SH23A-4152:
Non-linear Tearing and Flux rope Formation in 3D Null Current Sheets
Tuesday, 16 December 2014
Peter Fraser Wyper, Oak Ridge Associated Universities Inc., Oak Ridge, TN, United States; NASA Goddard Space Flight Center, Greenbelt, MD, United States and David I Pontin, University of Dundee, Dundee, United Kingdom
Abstract:
The manner in which small scale structure affects the large scale reconnection process in realistic 3D geometries is still an unsolved problem. With the increase in computational resources and improvements in satellite instrumentation, signatures of flux ropes or “plasmoids” are now observed with increasing regularity, yet their formation and dynamics are poorly understood.

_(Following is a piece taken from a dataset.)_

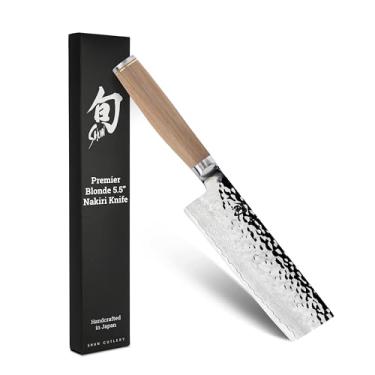 Imagem de Shun Faca Nakiri Premier Blonde de 14 cm, faca de vegetais japonesa feita à mão, núcleo VG-MAX com revestimento de aço inoxidável de damasco, cabo Pakkawood, ferramenta de corte para chefs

It has been demonstrated that even at MHD scales, in 2D rapid non-linear tearing of Sweet-Parker-like layers forms multiple magnetic islands (“plasmoids”) and allows the reconnection rate to become almost independent of the Lundquist number (the “plasmoid instability”). This work presents some of our recent theoretical work focussing on an analogous instability in a fully 3D geometry. Using results from a series of 3D high resolution MHD simulations, the formation and evolution of fully three dimensional “flux rope” structures following the 3D plasmoid instability will be presented, and their effects on the manner of the reconnection process as a whole discussed.